-- Short descriptive text snippets --

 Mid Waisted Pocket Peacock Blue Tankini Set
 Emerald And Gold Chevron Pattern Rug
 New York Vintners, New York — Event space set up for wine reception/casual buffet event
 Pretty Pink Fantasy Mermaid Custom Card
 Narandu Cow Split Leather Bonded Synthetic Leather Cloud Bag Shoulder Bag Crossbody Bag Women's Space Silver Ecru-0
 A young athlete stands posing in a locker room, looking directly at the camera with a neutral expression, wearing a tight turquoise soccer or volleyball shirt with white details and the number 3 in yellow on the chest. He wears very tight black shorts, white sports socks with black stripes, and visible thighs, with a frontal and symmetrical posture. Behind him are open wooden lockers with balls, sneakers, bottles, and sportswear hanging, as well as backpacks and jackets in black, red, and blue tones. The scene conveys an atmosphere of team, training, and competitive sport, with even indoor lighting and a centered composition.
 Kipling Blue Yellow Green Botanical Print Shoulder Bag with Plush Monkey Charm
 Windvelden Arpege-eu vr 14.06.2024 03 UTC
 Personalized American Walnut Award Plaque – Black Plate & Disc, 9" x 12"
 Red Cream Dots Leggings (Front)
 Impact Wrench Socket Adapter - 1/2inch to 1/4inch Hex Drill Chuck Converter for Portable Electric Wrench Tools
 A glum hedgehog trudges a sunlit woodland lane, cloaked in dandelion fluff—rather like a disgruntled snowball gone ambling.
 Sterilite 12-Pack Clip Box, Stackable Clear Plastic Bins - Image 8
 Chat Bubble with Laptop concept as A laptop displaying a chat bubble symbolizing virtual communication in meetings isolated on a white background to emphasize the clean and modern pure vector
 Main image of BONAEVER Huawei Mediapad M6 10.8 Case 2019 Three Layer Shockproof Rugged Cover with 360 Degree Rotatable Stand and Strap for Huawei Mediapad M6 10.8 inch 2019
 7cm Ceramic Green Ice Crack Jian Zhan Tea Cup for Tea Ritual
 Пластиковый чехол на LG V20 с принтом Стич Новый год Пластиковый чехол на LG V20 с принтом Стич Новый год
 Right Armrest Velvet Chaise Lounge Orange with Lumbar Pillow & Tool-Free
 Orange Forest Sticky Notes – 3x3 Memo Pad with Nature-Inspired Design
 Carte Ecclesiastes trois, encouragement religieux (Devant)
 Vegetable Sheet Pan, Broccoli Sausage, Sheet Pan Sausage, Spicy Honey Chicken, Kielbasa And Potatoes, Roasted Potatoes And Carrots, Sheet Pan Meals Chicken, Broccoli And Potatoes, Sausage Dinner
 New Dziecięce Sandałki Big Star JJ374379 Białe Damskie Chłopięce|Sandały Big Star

-- YOUR ASSIGNMENT --
Give every entry back exactly as it was written above.

-- RESULT FOR THIS TASK --
 Mid Waisted Pocket Peacock Blue Tankini Set
 Emerald And Gold Chevron Pattern Rug
 New York Vintners, New York — Event space set up for wine reception/casual buffet event
 Pretty Pink Fantasy Mermaid Custom Card
 Narandu Cow Split Leather Bonded Synthetic Leather Cloud Bag Shoulder Bag Crossbody Bag Women's Space Silver Ecru-0
 A young athlete stands posing in a locker room, looking directly at the camera with a neutral expression, wearing a tight turquoise soccer or volleyball shirt with white details and the number 3 in yellow on the chest. He wears very tight black shorts, white sports socks with black stripes, and visible thighs, with a frontal and symmetrical posture. Behind him are open wooden lockers with balls, sneakers, bottles, and sportswear hanging, as well as backpacks and jackets in black, red, and blue tones. The scene conveys an atmosphere of team, training, and competitive sport, with even indoor lighting and a centered composition.
 Kipling Blue Yellow Green Botanical Print Shoulder Bag with Plush Monkey Charm
 Windvelden Arpege-eu vr 14.06.2024 03 UTC
 Personalized American Walnut Award Plaque – Black Plate & Disc, 9" x 12"
 Red Cream Dots Leggings (Front)
 Impact Wrench Socket Adapter - 1/2inch to 1/4inch Hex Drill Chuck Converter for Portable Electric Wrench Tools
 A glum hedgehog trudges a sunlit woodland lane, cloaked in dandelion fluff—rather like a disgruntled snowball gone ambling.
 Sterilite 12-Pack Clip Box, Stackable Clear Plastic Bins - Image 8
 Chat Bubble with Laptop concept as A laptop displaying a chat bubble symbolizing virtual communication in meetings isolated on a white background to emphasize the clean and modern pure vector
 Main image of BONAEVER Huawei Mediapad M6 10.8 Case 2019 Three Layer Shockproof Rugged Cover with 360 Degree Rotatable Stand and Strap for Huawei Mediapad M6 10.8 inch 2019
 7cm Ceramic Green Ice Crack Jian Zhan Tea Cup for Tea Ritual
 Пластиковый чехол на LG V20 с принтом Стич Новый год Пластиковый чехол на LG V20 с принтом Стич Новый год
 Right Armrest Velvet Chaise Lounge Orange with Lumbar Pillow & Tool-Free
 Orange Forest Sticky Notes – 3x3 Memo Pad with Nature-Inspired Design
 Carte Ecclesiastes trois, encouragement religieux (Devant)
 Vegetable Sheet Pan, Broccoli Sausage, Sheet Pan Sausage, Spicy Honey Chicken, Kielbasa And Potatoes, Roasted Potatoes And Carrots, Sheet Pan Meals Chicken, Broccoli And Potatoes, Sausage Dinner
 New Dziecięce Sandałki Big Star JJ374379 Białe Damskie Chłopięce|Sandały Big Star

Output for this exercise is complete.